Exercise: Once the line with "Renault Master 37" is found in the data, output it and each following line exactly, up to and including the line with "Property for sale", and nothing before or after.

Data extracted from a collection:
_____

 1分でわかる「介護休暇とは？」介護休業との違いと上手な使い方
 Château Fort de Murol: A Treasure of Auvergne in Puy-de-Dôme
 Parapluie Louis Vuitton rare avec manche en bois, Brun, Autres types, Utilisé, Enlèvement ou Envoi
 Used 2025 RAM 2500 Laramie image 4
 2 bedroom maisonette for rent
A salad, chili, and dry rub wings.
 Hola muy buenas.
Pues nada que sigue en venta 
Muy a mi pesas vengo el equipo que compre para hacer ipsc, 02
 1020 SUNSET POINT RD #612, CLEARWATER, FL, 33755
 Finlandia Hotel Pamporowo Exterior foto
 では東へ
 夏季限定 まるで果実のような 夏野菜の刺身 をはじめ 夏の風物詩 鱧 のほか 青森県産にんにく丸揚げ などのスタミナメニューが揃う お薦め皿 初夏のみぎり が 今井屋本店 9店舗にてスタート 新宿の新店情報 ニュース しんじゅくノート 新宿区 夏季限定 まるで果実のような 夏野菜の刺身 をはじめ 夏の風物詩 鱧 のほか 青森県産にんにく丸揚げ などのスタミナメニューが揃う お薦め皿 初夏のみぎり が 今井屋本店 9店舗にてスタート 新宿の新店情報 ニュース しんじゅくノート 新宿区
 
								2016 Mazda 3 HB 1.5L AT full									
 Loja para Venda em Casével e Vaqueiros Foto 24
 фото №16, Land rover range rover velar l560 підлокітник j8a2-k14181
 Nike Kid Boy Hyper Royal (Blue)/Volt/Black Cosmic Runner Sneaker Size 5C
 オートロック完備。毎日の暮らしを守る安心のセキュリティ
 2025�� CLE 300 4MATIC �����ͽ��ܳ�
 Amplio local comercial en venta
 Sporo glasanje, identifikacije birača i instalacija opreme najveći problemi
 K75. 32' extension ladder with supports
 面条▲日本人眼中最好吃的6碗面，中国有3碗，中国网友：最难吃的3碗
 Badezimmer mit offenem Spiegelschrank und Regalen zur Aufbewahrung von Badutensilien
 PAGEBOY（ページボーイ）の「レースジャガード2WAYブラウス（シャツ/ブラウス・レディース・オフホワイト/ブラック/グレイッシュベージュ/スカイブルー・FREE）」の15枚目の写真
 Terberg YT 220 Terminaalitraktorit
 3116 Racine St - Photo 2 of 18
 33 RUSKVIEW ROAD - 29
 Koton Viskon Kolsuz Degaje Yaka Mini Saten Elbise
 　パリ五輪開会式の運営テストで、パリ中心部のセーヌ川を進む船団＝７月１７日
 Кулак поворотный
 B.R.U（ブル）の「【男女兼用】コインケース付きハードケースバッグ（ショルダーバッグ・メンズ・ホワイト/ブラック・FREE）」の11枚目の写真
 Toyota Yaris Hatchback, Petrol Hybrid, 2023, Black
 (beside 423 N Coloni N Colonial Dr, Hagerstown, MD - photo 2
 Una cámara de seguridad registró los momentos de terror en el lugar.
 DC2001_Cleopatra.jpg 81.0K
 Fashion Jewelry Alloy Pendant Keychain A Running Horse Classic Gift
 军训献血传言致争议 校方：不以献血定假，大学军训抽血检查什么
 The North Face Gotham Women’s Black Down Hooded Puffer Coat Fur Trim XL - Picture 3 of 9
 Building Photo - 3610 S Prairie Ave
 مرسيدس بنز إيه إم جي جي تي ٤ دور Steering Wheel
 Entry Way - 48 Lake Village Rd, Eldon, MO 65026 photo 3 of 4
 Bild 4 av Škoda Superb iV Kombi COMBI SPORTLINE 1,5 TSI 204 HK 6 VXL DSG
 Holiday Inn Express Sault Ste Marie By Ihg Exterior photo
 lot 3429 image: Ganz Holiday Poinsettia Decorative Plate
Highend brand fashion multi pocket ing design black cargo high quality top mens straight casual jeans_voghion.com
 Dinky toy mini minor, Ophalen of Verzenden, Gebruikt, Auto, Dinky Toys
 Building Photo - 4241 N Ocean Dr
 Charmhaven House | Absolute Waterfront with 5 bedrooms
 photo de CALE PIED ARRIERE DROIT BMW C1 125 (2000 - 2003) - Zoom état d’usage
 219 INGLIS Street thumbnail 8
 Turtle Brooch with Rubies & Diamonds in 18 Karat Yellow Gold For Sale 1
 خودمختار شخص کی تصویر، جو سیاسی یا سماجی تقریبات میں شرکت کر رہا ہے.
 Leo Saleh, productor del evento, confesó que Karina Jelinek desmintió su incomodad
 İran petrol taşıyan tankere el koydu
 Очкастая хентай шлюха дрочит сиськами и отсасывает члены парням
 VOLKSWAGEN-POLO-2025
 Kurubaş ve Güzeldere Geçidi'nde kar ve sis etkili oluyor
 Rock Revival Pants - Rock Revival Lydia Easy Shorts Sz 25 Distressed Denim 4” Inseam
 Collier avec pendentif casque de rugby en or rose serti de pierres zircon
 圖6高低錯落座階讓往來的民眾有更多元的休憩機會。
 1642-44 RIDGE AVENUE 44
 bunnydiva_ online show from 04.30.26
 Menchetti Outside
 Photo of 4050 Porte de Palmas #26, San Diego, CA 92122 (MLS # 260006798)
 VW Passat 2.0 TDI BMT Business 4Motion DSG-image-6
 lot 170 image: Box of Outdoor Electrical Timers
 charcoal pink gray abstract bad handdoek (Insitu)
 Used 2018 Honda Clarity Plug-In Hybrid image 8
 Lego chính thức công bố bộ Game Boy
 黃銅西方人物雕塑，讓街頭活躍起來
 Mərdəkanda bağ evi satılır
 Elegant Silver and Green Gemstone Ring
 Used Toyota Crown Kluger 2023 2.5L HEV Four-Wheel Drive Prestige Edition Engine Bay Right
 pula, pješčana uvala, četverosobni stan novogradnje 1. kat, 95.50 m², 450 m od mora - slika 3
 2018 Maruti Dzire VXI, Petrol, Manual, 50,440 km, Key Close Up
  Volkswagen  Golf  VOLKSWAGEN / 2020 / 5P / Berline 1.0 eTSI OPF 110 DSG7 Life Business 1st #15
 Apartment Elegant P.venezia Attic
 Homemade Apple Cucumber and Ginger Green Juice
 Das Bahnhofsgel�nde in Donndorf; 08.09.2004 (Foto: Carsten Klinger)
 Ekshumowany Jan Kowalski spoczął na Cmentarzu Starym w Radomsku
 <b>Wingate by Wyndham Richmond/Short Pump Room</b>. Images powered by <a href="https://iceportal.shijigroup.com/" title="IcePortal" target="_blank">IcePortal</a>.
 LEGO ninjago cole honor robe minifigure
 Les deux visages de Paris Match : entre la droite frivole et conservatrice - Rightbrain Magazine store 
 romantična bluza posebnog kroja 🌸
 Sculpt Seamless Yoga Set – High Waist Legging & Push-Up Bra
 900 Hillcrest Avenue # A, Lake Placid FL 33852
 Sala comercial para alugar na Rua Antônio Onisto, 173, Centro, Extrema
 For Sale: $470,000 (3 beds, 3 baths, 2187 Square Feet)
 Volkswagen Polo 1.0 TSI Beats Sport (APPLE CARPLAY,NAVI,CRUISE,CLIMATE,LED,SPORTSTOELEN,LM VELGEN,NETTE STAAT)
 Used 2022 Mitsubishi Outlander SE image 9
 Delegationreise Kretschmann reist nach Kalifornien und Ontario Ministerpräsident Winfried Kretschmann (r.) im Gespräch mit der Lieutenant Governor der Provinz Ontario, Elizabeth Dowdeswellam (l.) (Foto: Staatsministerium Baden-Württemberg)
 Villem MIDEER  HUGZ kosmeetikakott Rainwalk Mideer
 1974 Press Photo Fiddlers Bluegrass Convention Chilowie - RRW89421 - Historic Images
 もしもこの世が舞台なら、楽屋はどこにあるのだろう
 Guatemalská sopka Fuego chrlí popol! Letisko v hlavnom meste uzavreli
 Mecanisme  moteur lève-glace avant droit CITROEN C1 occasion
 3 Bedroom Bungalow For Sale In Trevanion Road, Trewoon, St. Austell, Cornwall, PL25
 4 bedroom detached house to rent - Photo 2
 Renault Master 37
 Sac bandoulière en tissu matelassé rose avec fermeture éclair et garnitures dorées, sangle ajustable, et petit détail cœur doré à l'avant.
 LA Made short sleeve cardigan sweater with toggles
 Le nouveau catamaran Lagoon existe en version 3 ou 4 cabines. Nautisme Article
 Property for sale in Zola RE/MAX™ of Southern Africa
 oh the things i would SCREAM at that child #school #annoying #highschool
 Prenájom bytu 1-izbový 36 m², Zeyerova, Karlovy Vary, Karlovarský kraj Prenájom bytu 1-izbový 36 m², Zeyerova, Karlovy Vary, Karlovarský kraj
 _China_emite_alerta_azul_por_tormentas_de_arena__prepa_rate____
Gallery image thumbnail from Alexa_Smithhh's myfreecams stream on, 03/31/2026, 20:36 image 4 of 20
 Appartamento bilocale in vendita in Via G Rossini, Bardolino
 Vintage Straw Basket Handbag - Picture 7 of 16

_____

Output of the task:
 Renault Master 37
 Sac bandoulière en tissu matelassé rose avec fermeture éclair et garnitures dorées, sangle ajustable, et petit détail cœur doré à l'avant.
 LA Made short sleeve cardigan sweater with toggles
 Le nouveau catamaran Lagoon existe en version 3 ou 4 cabines. Nautisme Article
 Property for sale in Zola RE/MAX™ of Southern Africa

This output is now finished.